Meta’s long-term experience developing AI models and tools helps us build safeguards into AI products from the beginning. We train and fine-tune our models to fit our safety and responsibility guidelines. And crucially, we ensure they are thoroughly stress-tested by conducting what is known as “red-teaming” with external experts and internal teams to identify vulnerabilities at the foundation layer and help mitigate them in a transparent way. For example, we submitted Llama 2 to the DEFCON conference, where it could be stress-tested by more than 2,500 hackers.
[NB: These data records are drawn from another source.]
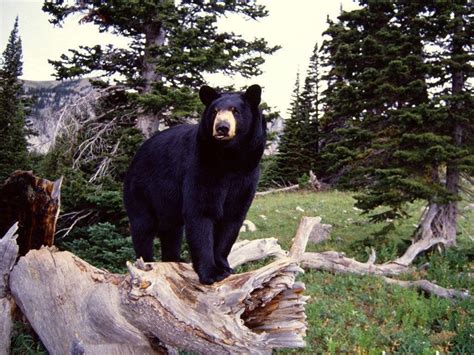 Bear wallpaper black and white. Free Black Bear Wallpapers - Wallpaper Cave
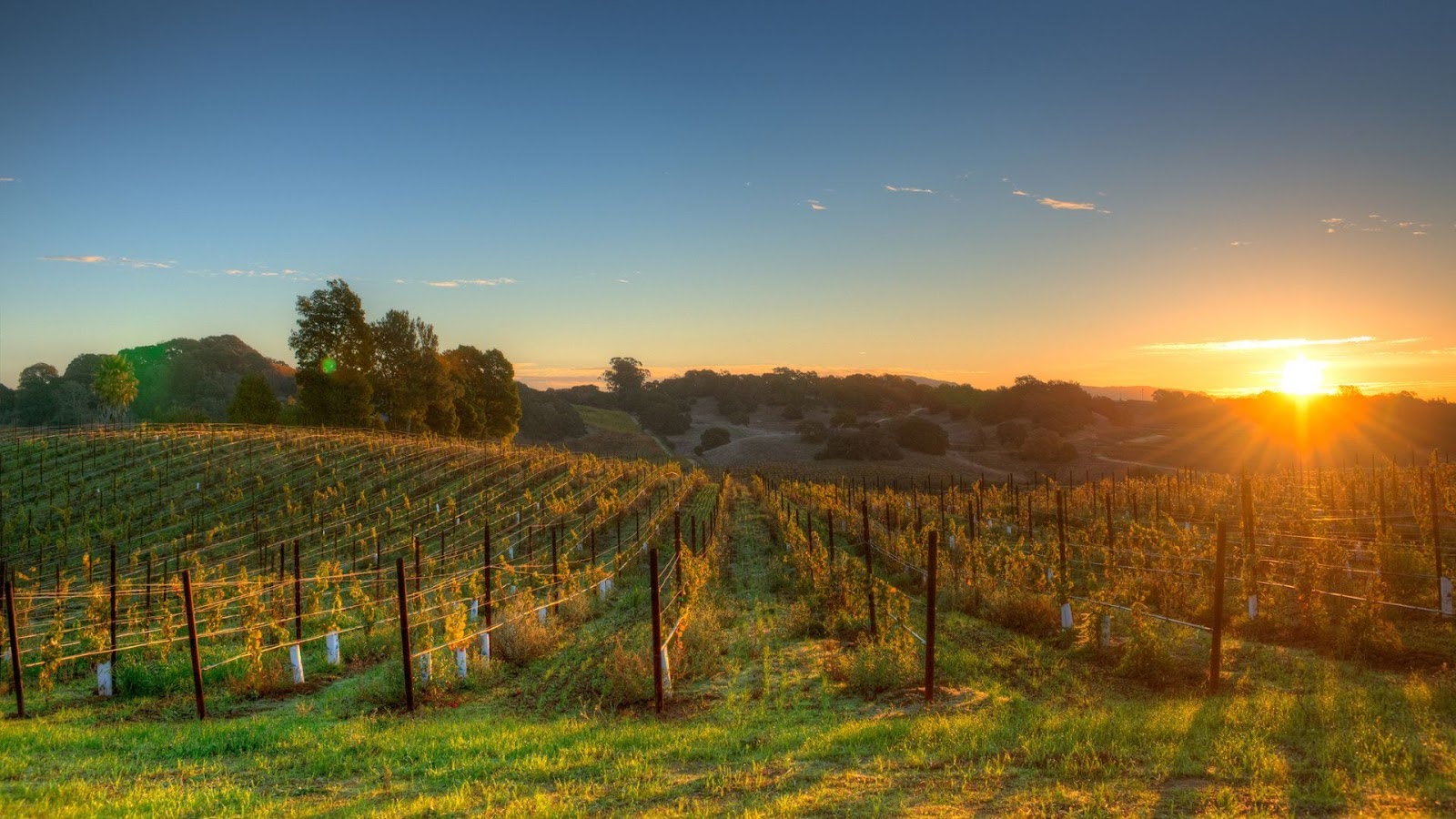Best Vacation Spots for Couples - Napa Valley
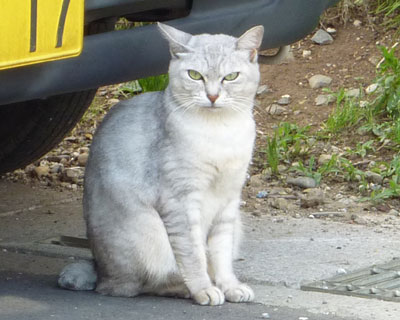 �����Ă����l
We also think it’s important to be transparent about the models and tools we release. That’s why, for example, we publish system and model cards giving details about how our systems work in a way that is accessible without deep technical knowledge, and why we shared a research paper alongside Llama 2 that outlines our approach to safety and privacy, red teaming efforts, and model evaluations against industry safety benchmarks. We’ve also released a Responsible Use Guide to help others innovate responsibly. And we recently announced Purple Llama, a new project designed to help developers and researchers build responsibly with generative AI models using open trust and safety tools and evaluations.

We also believe it’s vital to work collaboratively across industry, government, academia and civil society. For example, Meta is a founding member of Partnership on AI, and is participating in its Framework for Collective Action on Synthetic Media, an important step in ensuring guardrails are established around AI-generated content.

There is a big role for governments to play too. I’ve spent the last several months meeting with regulators and policymakers from the UK, EU, US, India, Japan and elsewhere. It’s encouraging that so many countries are considering their own frameworks for ensuring AI is developed and deployed responsibly – for example, the White House’s voluntary commitments that we signed up to last year – but it is vital that governments, especially democracies, work together to set common AI standards and governance models.  

There are big opportunities ahead, and considerable challenges to be overcome, but what was most encouraging in Davos is that leaders from across government, business and civil society are actively engaged in these issues. The debates around AI are significantly more advanced and sophisticated than they were even just a few months ago – and that’s a good thing for everyone.